Raphaël and Adeline’s dedication brings about a curiosity within Juliette that draws ridicule amongst her peers, but also leads her into meeting an unnamed forest witch (Yolande Moreau), who prophesies that one day “scarlet sails” will take her away. Flash forward to 1938, and now-adult Juliette (Juliette Jouan) has a chance encounter with a mysterious but handsome pilot named Jean (Louis Garrel). Will he sweep Juliette off her feet, or will she have to find her own way toward emancipation from the hateful denizens around her before the next World War?

Juliette’s quest for freedom is always compelling in Scarlet thanks to Marcello’s creative direction. Most filmmakers use archival footage as a safety net when a more appealing shot is called for after test screenings (eg. the opening shot of The Menu), but Marcello uses it to make his stories feel like unearthed pieces of history. Such examples here include cutaways to horticulture around the village and a montage right at the start that shows platoons of soldiers arriving home in covered trucks and foot parades to the unspectacular sounds of old film stock, only to cut straight to Raphaël’s lonely trek home after the opening title card. 

Marcello must also be commended for matching this archival footage by accentuating Raphaël and Juliette’s respective narratives with breathtaking cinematography coupled with the choice of shooting on super 16mm film and a 4:3 aspect ratio to make every detail of a given shot pop, from all the waves of the ocean and colors of a grassy landscape to the wrinkles on Raphaël’s worn hands which emphasize his exhaustion, as other scenes brim with veritable warmth. On that note, the script goes the extra mile by taking fantasy tropes and turning them on their head; composer Gabriel Yared brings musical numbers to life with sweeping melodies, but they’re countered by the film’s realistic tone, such as when Juliette sings a tune about feminine bravery with Adeline’s daughter while they take each other’s measurements. 

This genre subversion is also apparent in dynamic compositions that frame Juliette like a princess longing to be rescued, from an instance where her white dress pops among the forest that surrounds her as she sleeps in a tree to her discovery of Jean, during which the shadows of the branches she’s hiding behind filter the light against her face, conveying her suspicion over the pilot’s intent upon his entry into her life. Even Juliette’s tormentors mock her by calling her ‘Little Red Riding Hood’, which she quickly subverts by responding with demonstrative fire, unlike your standard damsels-in-distress. This realistic portrayal of tropes from folklore succeeds in making Scarlet an ingenious fairy tale without the fantasy. 

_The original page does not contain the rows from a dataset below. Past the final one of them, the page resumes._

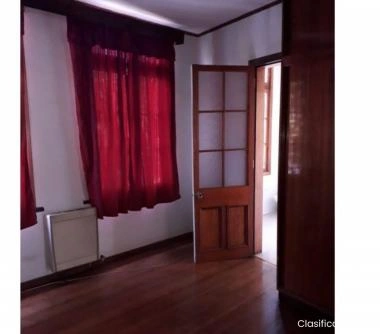 Arriendo casa con 3 dormitorios en avenida Uruguay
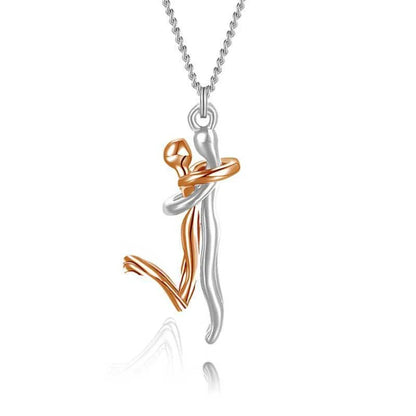 Elegant 18K plated copper pendant necklace featuring a unique 'hug' design, perfect for couples and special occasions.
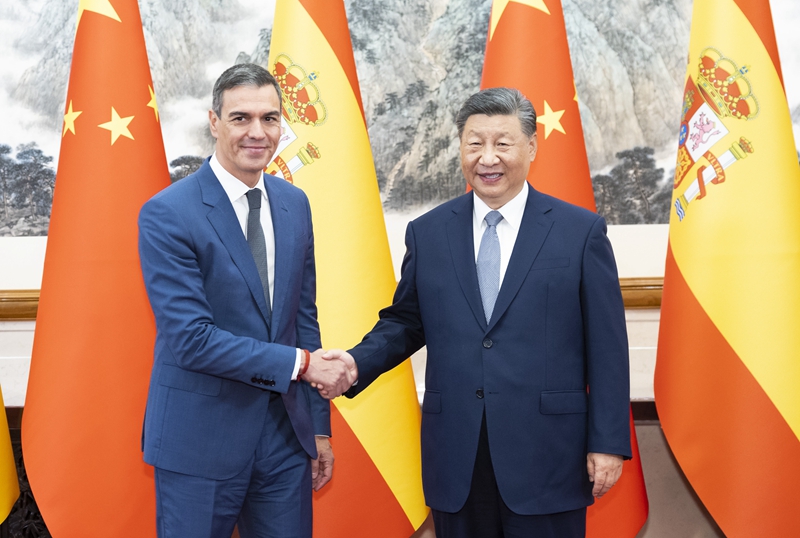 Xi Jinping reúne-se com primeiro-ministro espanhol em Beijing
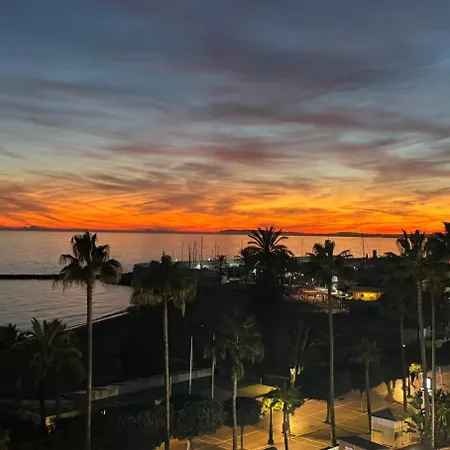 Atardecer En La Playa En Centro Marbella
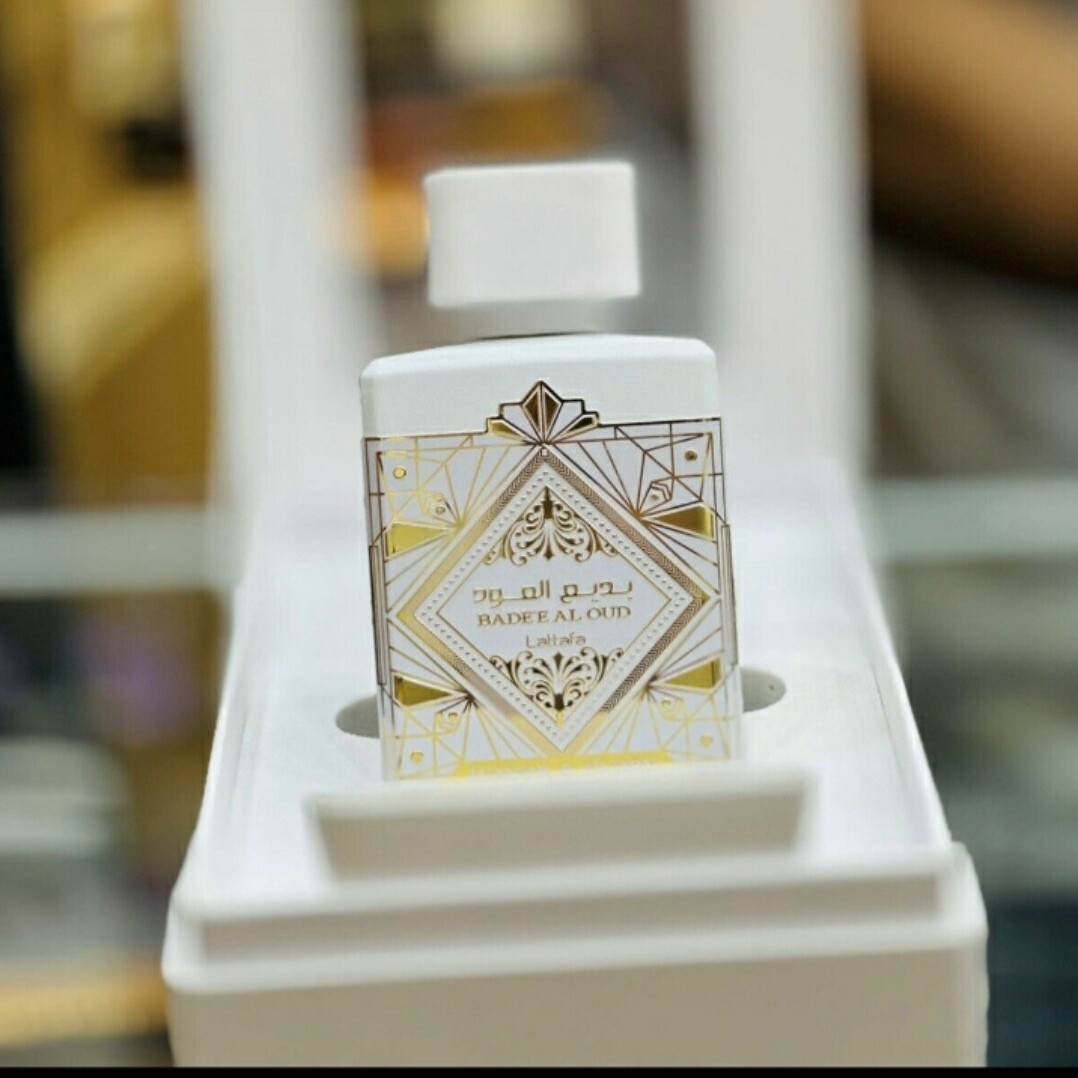 ادکلن بدیع العود هونور رایحه شیرین و برفی برند لطافه 100میل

And for someone whose career in entertainment began in music, Jouan delivers a captivating breakthrough performance in her first acting role by culminating Juliette’s growth into adulthood by displaying her inherited headstrong qualities with an unbridled internal strength. Raphaël Thierry is also affecting as her father, whose inner grief over his wife’s death and trauma from the unspoken horrors of combat can be read in all of his pained, withered facial expressions. 

As melodically pleasing as the musical numbers are here, they do cause tonal whiplash and stick out like a sore thumb amongst the somber developments of the story, and the whole of its lifelike narrative to jarring effect. It’s also worth noting that it does take time for the fairy tale-esque elements to make their presence in this adaptation of the novel Scarlet Sails by Alexander Grin, and the main idea here has been proposed in a myriad of other films. 

But the craft on display throughout Marcello’s sophomore feature creates a story brimming with visual and aural beauty, and one that sets Marcello’s career as well as those of stars Juliette Jouan and Raphael Thierry on a promising path. Audiences looking for something new in the fantasy genre, who appreciate the artistic side of filmmaking, or need a reminder of their ability to conjure miracles, whether they be works of art and song, acts of fiery strength, the capacity to nurse someone to health after a catastrophe, to mold their children from infancy into curious and independent adults, or just to survive the day will find Scarlet enchanting from start to finish.